Prior to the publication of the Worboys Report in 1963, traffic signs were distinctly ‘olde-worlde’. They are, legally, supposed to be extinct – but many survive.
You may or may not know about signs prior to the Traffic Signs Regulations and General Directions 1964. It took until 1957 for the first TSRGD to be published, prior to which signs were not really regulated at all. There had been a lengthy report in 1944 that tried to provide some standardisation but this was not legally binding upon local authorities.
By 1957, it had been codified that most signs had prescribed sizes, colours, and illumination requirements. However, this caused a huge problem with the new motorways that were about to open as these signs were just woefully inadequate for high speed roads.
These signs were eventually, after much research and debate, phased out in 1964. Out went the black and white striped posts, the old MOT typeface, and reflective studs on symbols.
The new signs were heralded as the future, and they worked; they still remain with us today with some modifications here and there.
But, despite the repeat warnings from the DfT to remove every last example of the old type of sign, many still remain. There are a number of reasons;
- Cost – it’s not seen as a good use of funds to take them down even if mandated to do so by the DfT.

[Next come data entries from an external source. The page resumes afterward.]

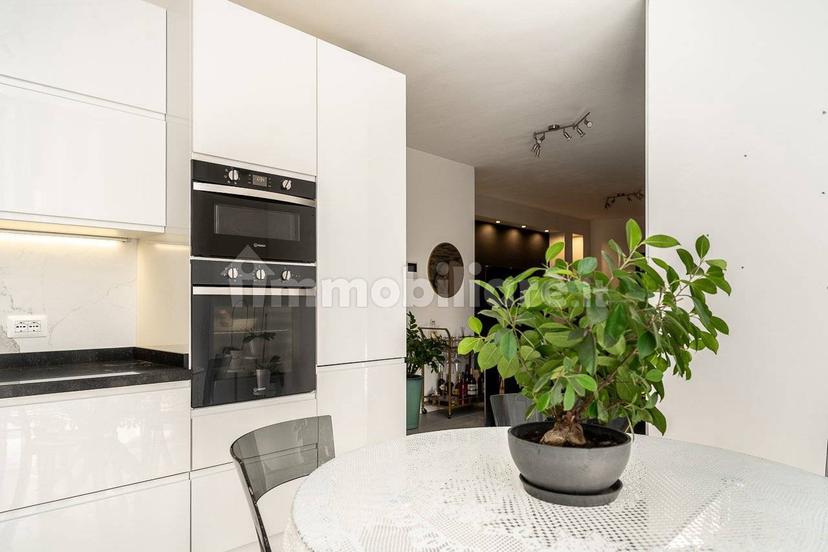 Appartamento via Romolo Nicolis 2, San Martino Buon Albergo — foto 31 di 44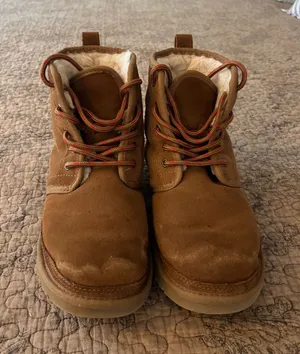 UGG Boots Women’s thumbnail 1
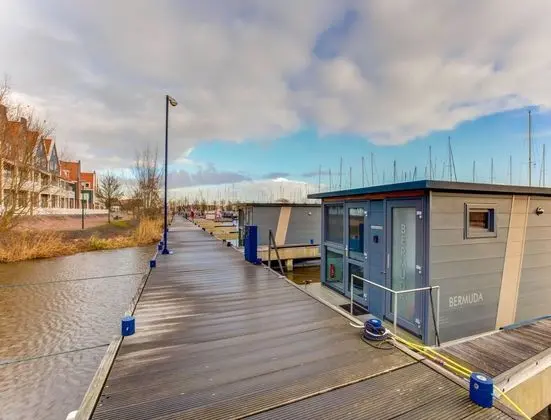 Modern Houseboat in Marina of Volendam With Swimming Pool - Dış Mekan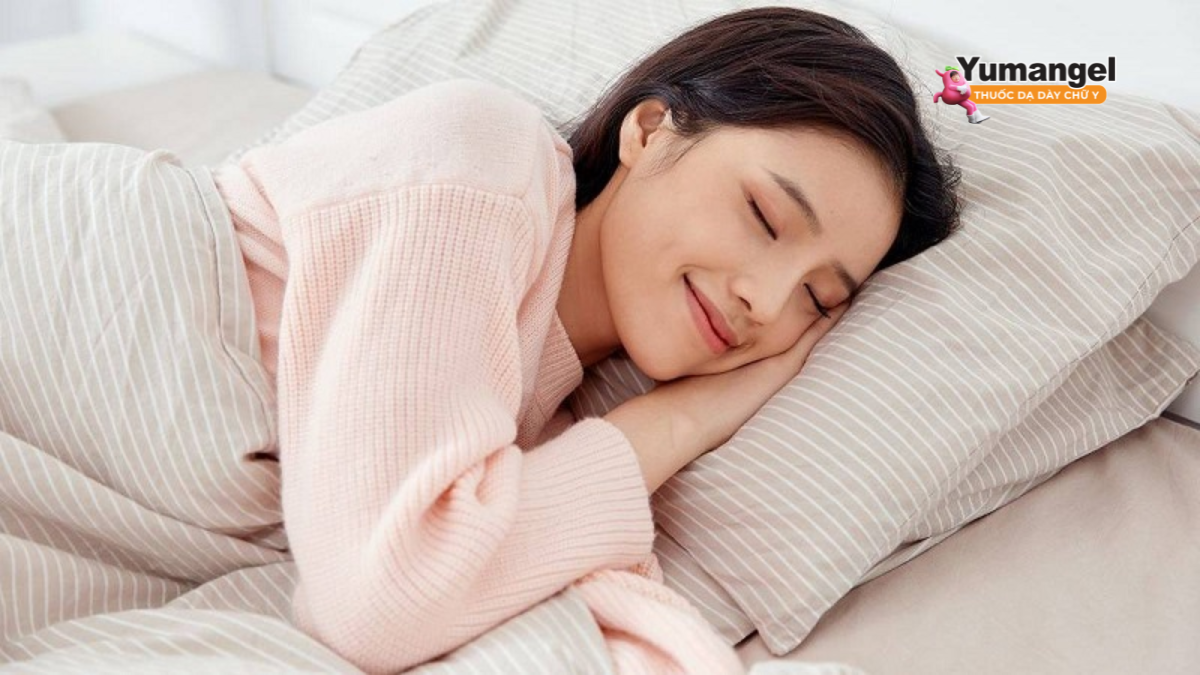 Ngủ đúng giờ và nên nâng cao đầu giường khi ngủ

- Visual amenity – replacing a pre-Worboys sign means you have to put back a compliant new sign. This may actually look ugly in a quaint rural setting.
- The person in charge of signs likes them – this is a reason! Some engineers like having these relics of days gone by on lower speed roads, the view being if they still do the job removing them seems counter-productive. It’s a risky strategy but it pleases the traditionalists in village associations and the press.
- Not being aware it even exists – there are hundreds of thousands of signs on the network, and even the most geeky and obsessive signs engineer won’t know the precise location of them all.
The DfT had originally sent out a huge list of signs which had to be removed by the end of January 2005. Much of this list contained drawings from the 1957 TSRGD, with a very select few 1964, 75, and 81 diagrams thrown in as well. There was never any proactive enforcement of this so local authorities carried on as normal.
In a way this reprieve has yielded fruit. Despite no longer being prescribed, some authorities are now actively maintaining and repairing such signs. The coming of the 2016 TSRGD now allows virtually any kind of rural ‘fingerpost’ design to be used on unclassified roads which effectively saves the vast numbers of pre-1964 fingerposts that remain. Strictly speaking it does not protect direction, regulatory, or warning signs, but I dare say that with an appropriate safety case (and perhaps a direction from the Department, if they are willing), the survival of such signs may not be the end of the world. I certainly hope so, provided the location is appropriate.
What is essential though, is that where designers are using their own initiative to replicate rural fingerposts in accordance with the new flexibility of the TSRGD, they remember the basics of traffic sign design. They still need to be legible and in a typeface that even at slow speeds can be read. I shall provide some sketches of how you may hope to achieve this in a future article.